*THE TASK:* When you reach the entries below, transcribe each one exactly as it stands.

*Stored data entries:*
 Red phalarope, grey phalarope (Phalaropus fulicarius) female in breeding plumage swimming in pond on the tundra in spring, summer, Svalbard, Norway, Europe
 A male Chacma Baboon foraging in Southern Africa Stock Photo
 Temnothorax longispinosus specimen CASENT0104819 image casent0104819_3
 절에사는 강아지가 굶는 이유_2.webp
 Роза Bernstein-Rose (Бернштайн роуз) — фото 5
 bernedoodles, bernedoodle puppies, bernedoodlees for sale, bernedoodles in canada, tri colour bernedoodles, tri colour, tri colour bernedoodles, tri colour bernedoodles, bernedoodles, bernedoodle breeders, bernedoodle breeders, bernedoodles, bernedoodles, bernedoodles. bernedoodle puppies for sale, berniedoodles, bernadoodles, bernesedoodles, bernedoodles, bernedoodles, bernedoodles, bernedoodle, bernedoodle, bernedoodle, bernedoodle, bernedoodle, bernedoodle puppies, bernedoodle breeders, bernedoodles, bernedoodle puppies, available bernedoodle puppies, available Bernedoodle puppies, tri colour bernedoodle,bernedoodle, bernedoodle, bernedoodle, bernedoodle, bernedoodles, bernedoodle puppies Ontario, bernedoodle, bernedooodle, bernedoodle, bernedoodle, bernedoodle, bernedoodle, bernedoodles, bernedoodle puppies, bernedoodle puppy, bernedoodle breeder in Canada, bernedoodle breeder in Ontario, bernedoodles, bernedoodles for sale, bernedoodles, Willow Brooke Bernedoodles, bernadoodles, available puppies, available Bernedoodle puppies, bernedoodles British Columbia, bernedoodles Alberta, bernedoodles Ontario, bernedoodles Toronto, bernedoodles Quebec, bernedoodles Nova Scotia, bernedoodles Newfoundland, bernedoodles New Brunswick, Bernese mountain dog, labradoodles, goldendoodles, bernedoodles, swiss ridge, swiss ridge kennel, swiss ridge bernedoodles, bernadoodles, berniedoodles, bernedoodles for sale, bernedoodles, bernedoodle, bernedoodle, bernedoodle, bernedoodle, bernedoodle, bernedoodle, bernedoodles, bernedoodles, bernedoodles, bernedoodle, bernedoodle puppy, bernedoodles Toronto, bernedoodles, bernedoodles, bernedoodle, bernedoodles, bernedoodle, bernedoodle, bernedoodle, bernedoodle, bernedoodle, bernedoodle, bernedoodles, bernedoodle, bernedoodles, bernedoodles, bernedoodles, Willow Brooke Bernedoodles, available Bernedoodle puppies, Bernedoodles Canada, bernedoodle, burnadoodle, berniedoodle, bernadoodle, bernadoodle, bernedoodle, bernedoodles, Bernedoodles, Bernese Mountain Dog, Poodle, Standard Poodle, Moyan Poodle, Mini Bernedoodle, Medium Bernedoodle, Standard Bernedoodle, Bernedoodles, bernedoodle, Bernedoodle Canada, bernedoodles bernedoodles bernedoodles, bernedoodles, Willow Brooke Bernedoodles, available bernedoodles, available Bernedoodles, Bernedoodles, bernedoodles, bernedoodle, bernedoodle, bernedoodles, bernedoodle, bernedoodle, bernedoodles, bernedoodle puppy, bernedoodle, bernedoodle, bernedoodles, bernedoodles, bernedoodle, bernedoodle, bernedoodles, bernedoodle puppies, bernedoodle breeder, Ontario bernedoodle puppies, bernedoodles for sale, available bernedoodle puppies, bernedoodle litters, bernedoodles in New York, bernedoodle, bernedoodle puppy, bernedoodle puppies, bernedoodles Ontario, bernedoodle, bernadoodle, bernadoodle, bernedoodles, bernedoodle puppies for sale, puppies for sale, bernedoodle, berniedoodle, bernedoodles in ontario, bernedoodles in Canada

*OUTPUT BELOW:*
 Red phalarope, grey phalarope (Phalaropus fulicarius) female in breeding plumage swimming in pond on the tundra in spring, summer, Svalbard, Norway, Europe
 A male Chacma Baboon foraging in Southern Africa Stock Photo
 Temnothorax longispinosus specimen CASENT0104819 image casent0104819_3
 절에사는 강아지가 굶는 이유_2.webp
 Роза Bernstein-Rose (Бернштайн роуз) — фото 5
 bernedoodles, bernedoodle puppies, bernedoodlees for sale, bernedoodles in canada, tri colour bernedoodles, tri colour, tri colour bernedoodles, tri colour bernedoodles, bernedoodles, bernedoodle breeders, bernedoodle breeders, bernedoodles, bernedoodles, bernedoodles. bernedoodle puppies for sale, berniedoodles, bernadoodles, bernesedoodles, bernedoodles, bernedoodles, bernedoodles, bernedoodle, bernedoodle, bernedoodle, bernedoodle, bernedoodle, bernedoodle puppies, bernedoodle breeders, bernedoodles, bernedoodle puppies, available bernedoodle puppies, available Bernedoodle puppies, tri colour bernedoodle,bernedoodle, bernedoodle, bernedoodle, bernedoodle, bernedoodles, bernedoodle puppies Ontario, bernedoodle, bernedooodle, bernedoodle, bernedoodle, bernedoodle, bernedoodle, bernedoodles, bernedoodle puppies, bernedoodle puppy, bernedoodle breeder in Canada, bernedoodle breeder in Ontario, bernedoodles, bernedoodles for sale, bernedoodles, Willow Brooke Bernedoodles, bernadoodles, available puppies, available Bernedoodle puppies, bernedoodles British Columbia, bernedoodles Alberta, bernedoodles Ontario, bernedoodles Toronto, bernedoodles Quebec, bernedoodles Nova Scotia, bernedoodles Newfoundland, bernedoodles New Brunswick, Bernese mountain dog, labradoodles, goldendoodles, bernedoodles, swiss ridge, swiss ridge kennel, swiss ridge bernedoodles, bernadoodles, berniedoodles, bernedoodles for sale, bernedoodles, bernedoodle, bernedoodle, bernedoodle, bernedoodle, bernedoodle, bernedoodle, bernedoodles, bernedoodles, bernedoodles, bernedoodle, bernedoodle puppy, bernedoodles Toronto, bernedoodles, bernedoodles, bernedoodle, bernedoodles, bernedoodle, bernedoodle, bernedoodle, bernedoodle, bernedoodle, bernedoodle, bernedoodles, bernedoodle, bernedoodles, bernedoodles, bernedoodles, Willow Brooke Bernedoodles, available Bernedoodle puppies, Bernedoodles Canada, bernedoodle, burnadoodle, berniedoodle, bernadoodle, bernadoodle, bernedoodle, bernedoodles, Bernedoodles, Bernese Mountain Dog, Poodle, Standard Poodle, Moyan Poodle, Mini Bernedoodle, Medium Bernedoodle, Standard Bernedoodle, Bernedoodles, bernedoodle, Bernedoodle Canada, bernedoodles bernedoodles bernedoodles, bernedoodles, Willow Brooke Bernedoodles, available bernedoodles, available Bernedoodles, Bernedoodles, bernedoodles, bernedoodle, bernedoodle, bernedoodles, bernedoodle, bernedoodle, bernedoodles, bernedoodle puppy, bernedoodle, bernedoodle, bernedoodles, bernedoodles, bernedoodle, bernedoodle, bernedoodles, bernedoodle puppies, bernedoodle breeder, Ontario bernedoodle puppies, bernedoodles for sale, available bernedoodle puppies, bernedoodle litters, bernedoodles in New York, bernedoodle, bernedoodle puppy, bernedoodle puppies, bernedoodles Ontario, bernedoodle, bernadoodle, bernadoodle, bernedoodles, bernedoodle puppies for sale, puppies for sale, bernedoodle, berniedoodle, bernedoodles in ontario, bernedoodles in Canada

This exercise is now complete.